Ce système capitaliste est incapable d’assurer la vie des travailleurs et de la société. Cela le condamne.

Covid – Vallée du Gier (Loire)

La grande muette... quand il s'agit de se rendre utile

Brève
29/10/2020

     Les maires des principales villes de la Vallée du Gier (Saint-Chamond, Rive-de-Gier…) ont demandé il y a déjà une semaine l'installation d'un hôpital militaire de campagne pour faire face à l'afflux de patients atteints du Covid en réanimation. Les quelques dizaines de lits disponibles pour toute la Métropole de Saint-Étienne sont déjà occupés et des patients ont été transférés à Clermont, Bordeaux ou Nantes.

     Pour l'instant, aucune réponse. Une réunion avec la préfète a abouti à… « faire bouger les lignes », selon un des maires, c'est-à-dire à rien de concret. Pour une fois que l'armée aurait été utile à la population…

     On a connu l'armée bien plus réactive lorsqu'il s'est agi d'intervenir dans les pays d'Afrique, pour protéger les dictatures en place ou préserver les intérêts des multinationales françaises.

Thalès (Valence)

Prendre sur les profits passés et présents pour maintenir tous les emplois

Brève
24/10/2020

Sur le site de Thalès à Valence, une cinquantaine de suppressions de postes sont annoncés selon les syndicats, sur les 550 travailleurs de Thalès AVS. Cela fait partie d’un plan de 1 000 suppressions de postes annoncés par le groupe Thalès dans sa filiale aéronautique au mois de septembre, qui vont s’ajouter au licenciement de 500 intérimaires et prestataires au niveau national.
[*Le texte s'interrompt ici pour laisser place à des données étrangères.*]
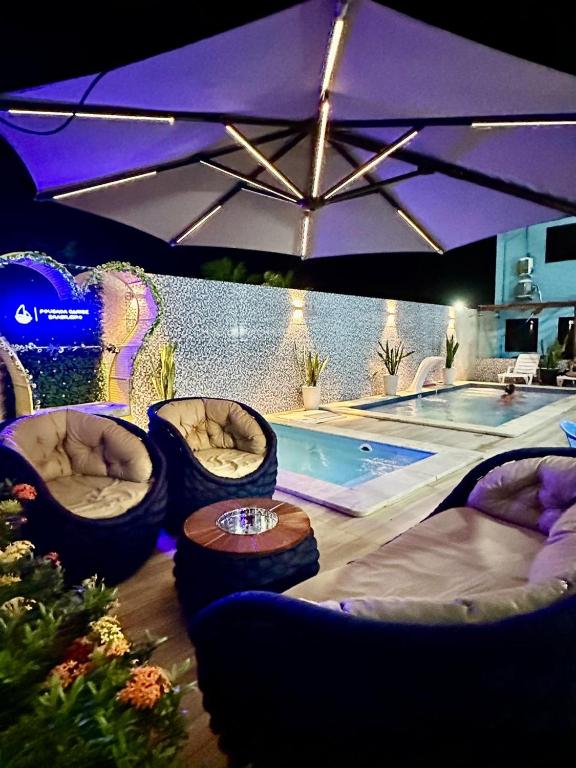 a swimming pool with chairs and a table and an umbrella at Pousada Caribe Brasileiro in Maragogi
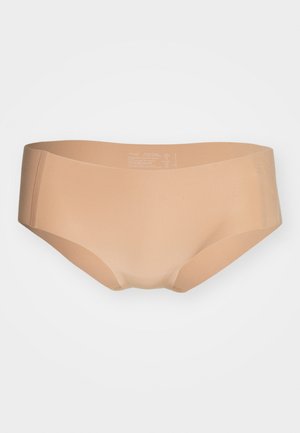 Nude seamless brief with a smooth texture, low-rise design, and wide sides for comfort. Features minimal branding on the interior.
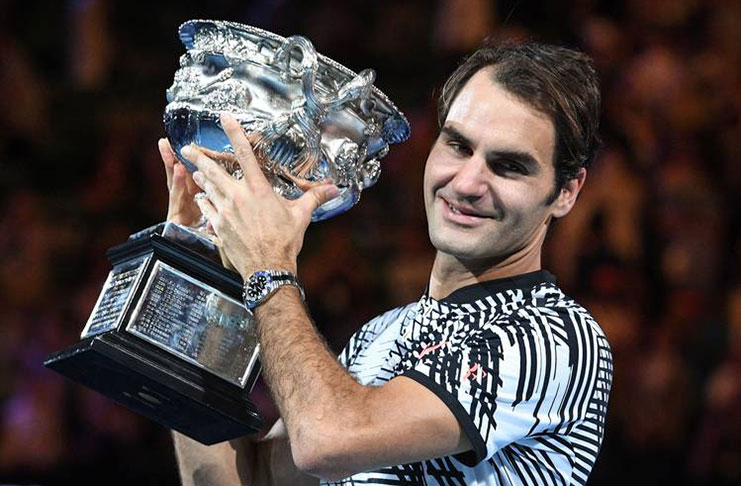 Roger Federer celebrates with the championship trophy during the awards ceremony after his Australian Open victory in Melbourne.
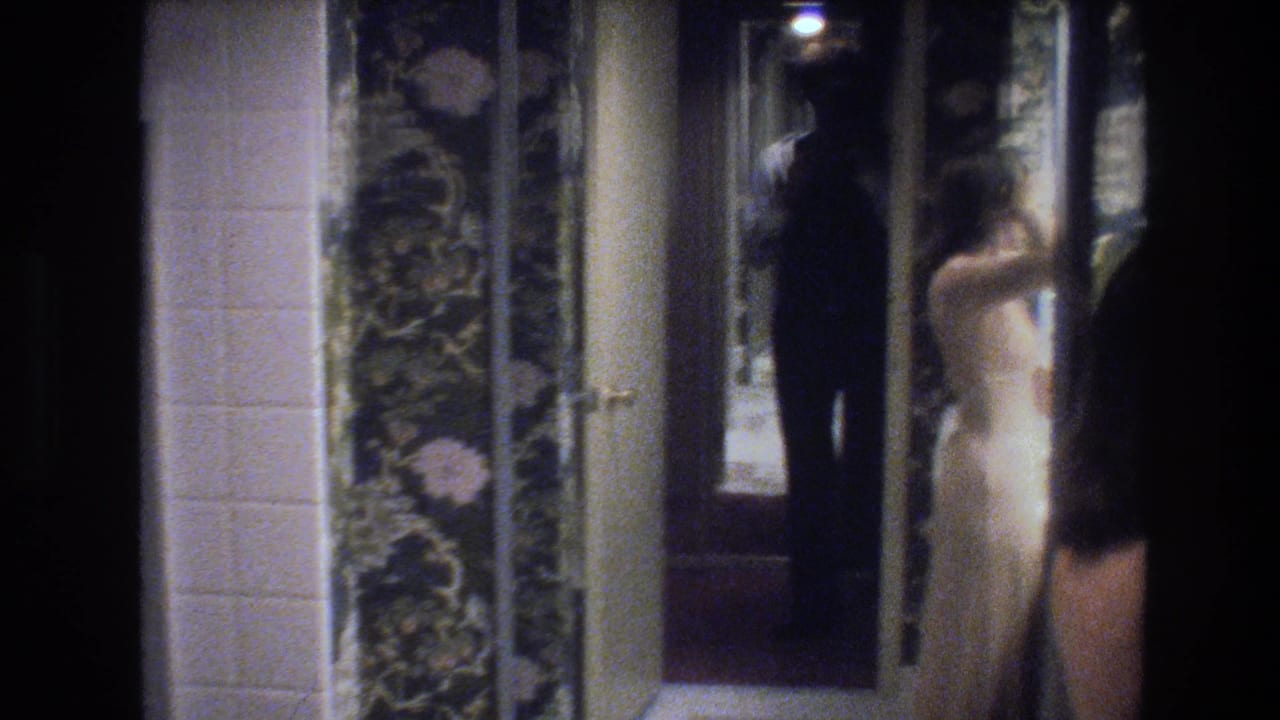 Woman in cream dress viewed from behind near a mirror; man in dark clothing visible at frame edge holding a camera; floral wallpaper and overhead light visible.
La crise dans le secteur aéronautique sert de prétexte, mais le groupe Thalès, spécialisé dans l’électronique de défense et sécurité, le spatial et l’aéronautique annonce un taux de rentabilité de 8 % pour 2020. Il s’apprête à verser aux actionnaires 85 millions d’avance sur dividendes.
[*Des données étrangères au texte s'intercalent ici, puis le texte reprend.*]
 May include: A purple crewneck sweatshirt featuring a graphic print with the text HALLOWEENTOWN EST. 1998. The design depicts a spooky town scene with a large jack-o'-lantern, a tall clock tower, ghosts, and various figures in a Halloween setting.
Il a largement les moyens de supporter la baisse sur sa filiale aéronautique, en baissant le temps de travail de tous, avec maintien du salaire. Les travailleurs n'ont pas à subir la dictature de ces profiteurs.
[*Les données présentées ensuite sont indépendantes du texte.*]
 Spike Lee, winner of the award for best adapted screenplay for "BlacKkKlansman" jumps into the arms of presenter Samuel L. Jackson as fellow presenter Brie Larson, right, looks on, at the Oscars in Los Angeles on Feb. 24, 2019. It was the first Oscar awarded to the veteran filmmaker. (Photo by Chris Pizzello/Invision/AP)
Covid – Saint-Étienne (Loire)

L'hôpital déborde déjà

Brève
20/10/2020

Mobilisation au CHU de Saint-Etienne le 15 octobre 2020

     La Métropole de Saint-Étienne a eu l'honneur d'être classée, il y a quelques jours, comme la métropole où la situation sanitaire est la plus dégradée de France. Les services de réanimation sont déjà saturés, et des patients ont été transportés à Clermont-Ferrand.

     Il faut dire qu'il n'y a que quelques dizaines de lits de réanimation pour toute la métropole, qui compte plus de 400 000 habitants, et pas un lit n'a ouvert depuis le confinement. Les personnels soignants sont à bout, et la direction du CHU fait pression pour qu'ils renoncent à leurs congés ou acceptent des heures supplémentaires. Des aides-soignantes sont retirées des autres services – pourtant déjà en sous-effectifs – pour renforcer, bien trop peu, les équipes dédiées au Covid.

     Couvre-feu et autres mesurettes ne pourront pas masquer que le problème principal vient de la dégradation continue depuis des années du système de santé.